__Problem to solve__: Start to finish, return the listing below exactly, pictures excluded.

[[ Data excerpt, beginning ]]

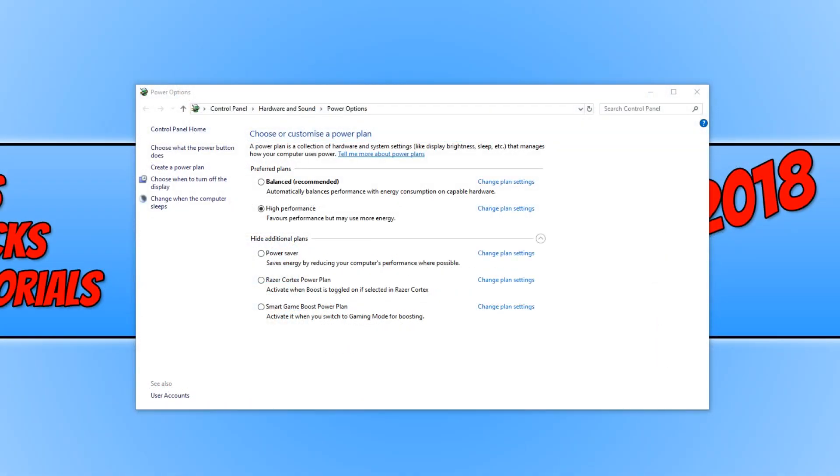In today's video, I will be showing you how to get the ultimate performance power plan in Windows 10. As you can see on my screen at the moment, I do not have the option to enable ultimate performance.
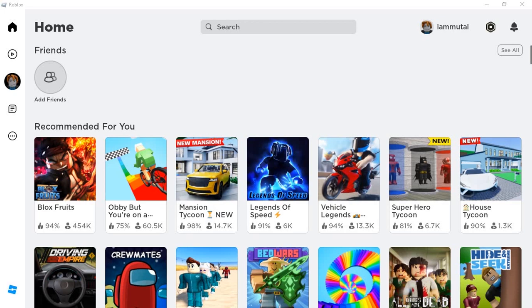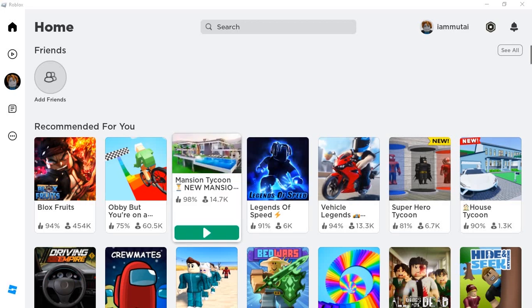Firstly, open your Roblox game and log in to your account. Note that you can also do this on the Roblox website roblox.com, just open it in your preferred browser.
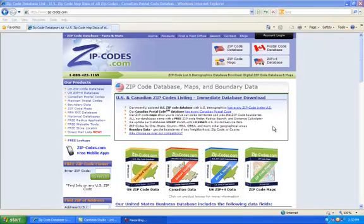We're going to be using the Street Atlas USA 2011 Plus. We're going to be compiling our call list.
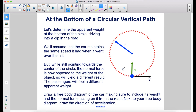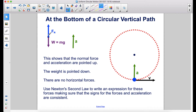Let's determine the apparent weight at the bottom of the circle — driving into a dip in the road. We'll assume the car maintains the same speed it had when it went over the hill. But while the centripetal acceleration still points towards the center of the circle, the normal force is now opposed to the weight of the object, so it will yield a different result. Draw a free body diagram of the car, including its weight and the normal force from the road, and next to it draw the direction of acceleration. The normal force points up, weight points down, and acceleration points up. There are no horizontal forces.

[[ Data excerpt, end ]]

__Exercise response__:
In today's video, I will be showing you how to get the ultimate performance power plan in Windows 10. As you can see on my screen at the moment, I do not have the option to enable ultimate performance.
Firstly, open your Roblox game and log in to your account. Note that you can also do this on the Roblox website roblox.com, just open it in your preferred browser.
We're going to be using the Street Atlas USA 2011 Plus. We're going to be compiling our call list.
Let's determine the apparent weight at the bottom of the circle — driving into a dip in the road. We'll assume the car maintains the same speed it had when it went over the hill. But while the centripetal acceleration still points towards the center of the circle, the normal force is now opposed to the weight of the object, so it will yield a different result. Draw a free body diagram of the car, including its weight and the normal force from the road, and next to it draw the direction of acceleration. The normal force points up, weight points down, and acceleration points up. There are no horizontal forces.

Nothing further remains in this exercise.